Comme le séminaire l’a montré, sont actuellement en cours de transformation les pratiques dans la classe et les activités hors la classe, les outils et les objets d’enseignement, les enjeux et les représentations mêmes du métier de professeur de français. Le chantier est énorme : il bouscule les habitudes, il risque de déstabiliser, voire de fragiliser des enseignants qui ne seraient pas accompagnés dans cette remise en question et formés à s’emparer de tous les défis.
Nous sommes à la croisée des chemins, insiste Raymond Gevaert, vice-président de la FIPF, dans la conclusion du séminaire.
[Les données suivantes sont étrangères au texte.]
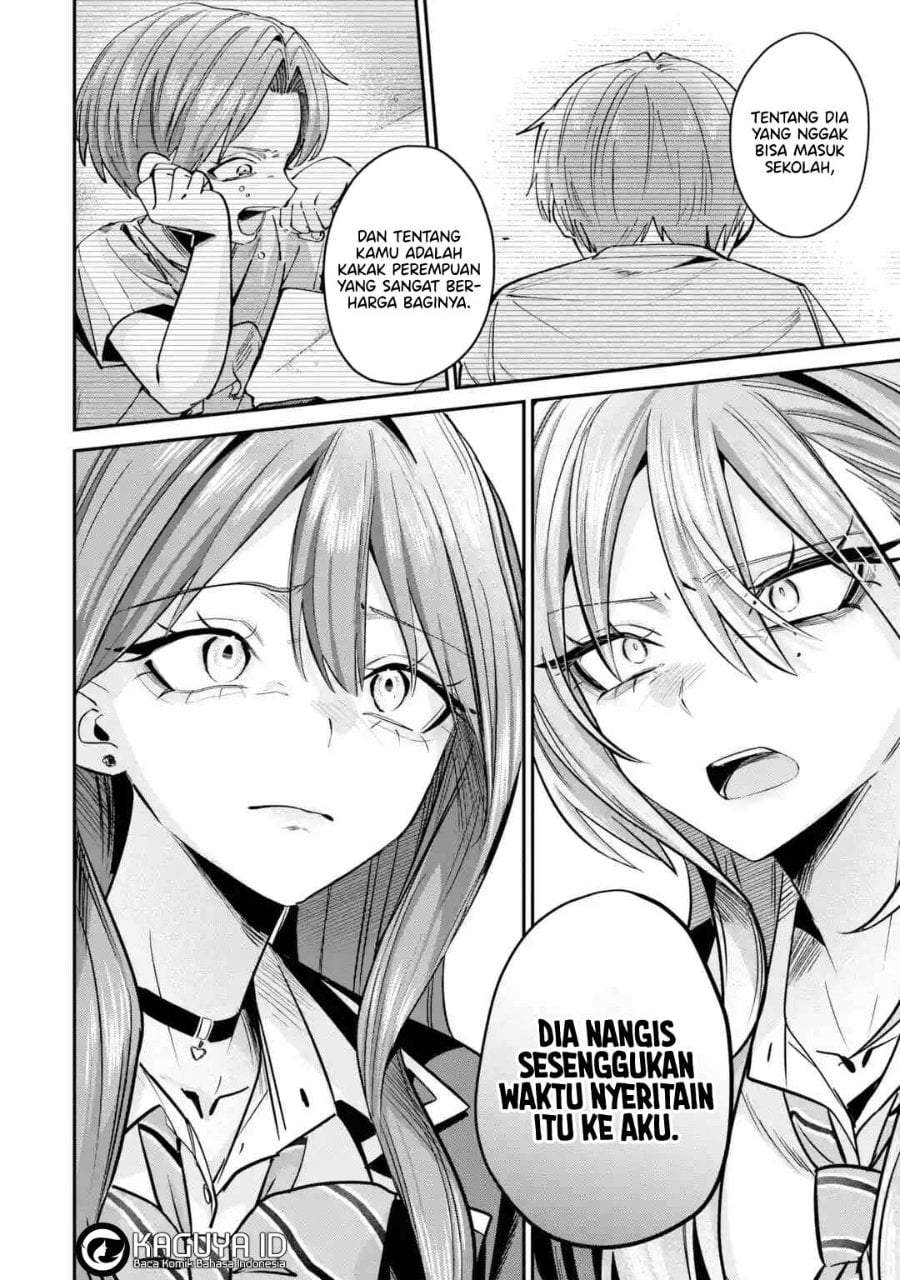 Haimiya-senpai wa Kowakute Kawaii Chapter 32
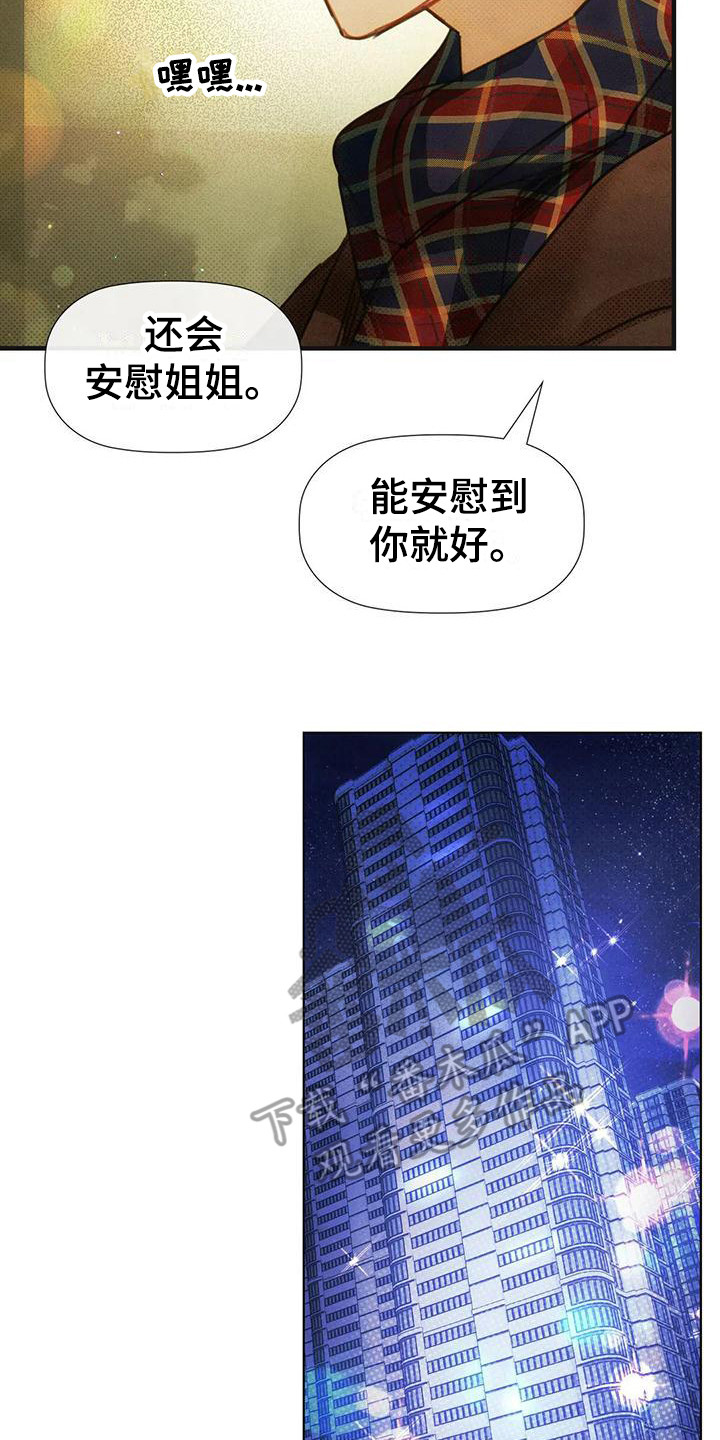 第18章：安慰13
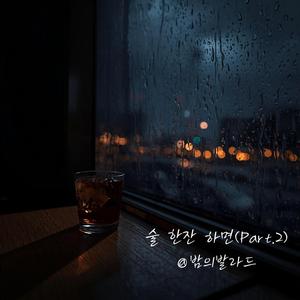 술 한잔 하면(Part.2)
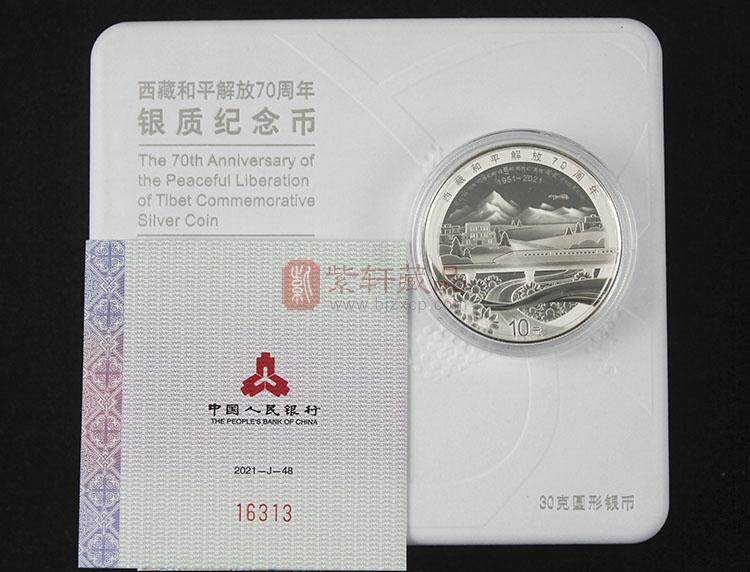 【现货】2021年西藏和平解放70周年30g银质纪念币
Ce qui émane de nombreuses interventions, souligne-t-il, c’est la nécessité d’envisager le français comme « langue de culture » plutôt que comme « langue de service » : la langue n’est pas qu’un moyen de communication, c’est une façon d’apprendre à voir et à nommer le monde, une possibilité d’échanger avec des gens qui voient et nomment le monde différemment. Il nous appartient précisément de « créer de nouveaux algorithmes » pour enseigner à mieux le regarder et le transmettre. Nous sommes collectivement à la recherche d’ « une nouvelle maïeutique », c’est-à-dire d’une nouvelle façon de mettre au monde. C’est d’ailleurs le monde de l’apprenant qui détermine en partie ce que je peux lui apporter, qui définit mon rôle. Puisse chacun alors mesurer la portée de la phrase du poète Hölderlin citée par un intervenant : « Dieu a créé le monde comme l’océan a créé la terre : en se retirant. » A nous de savoir disparaître pour que l’apprenant continue à advenir.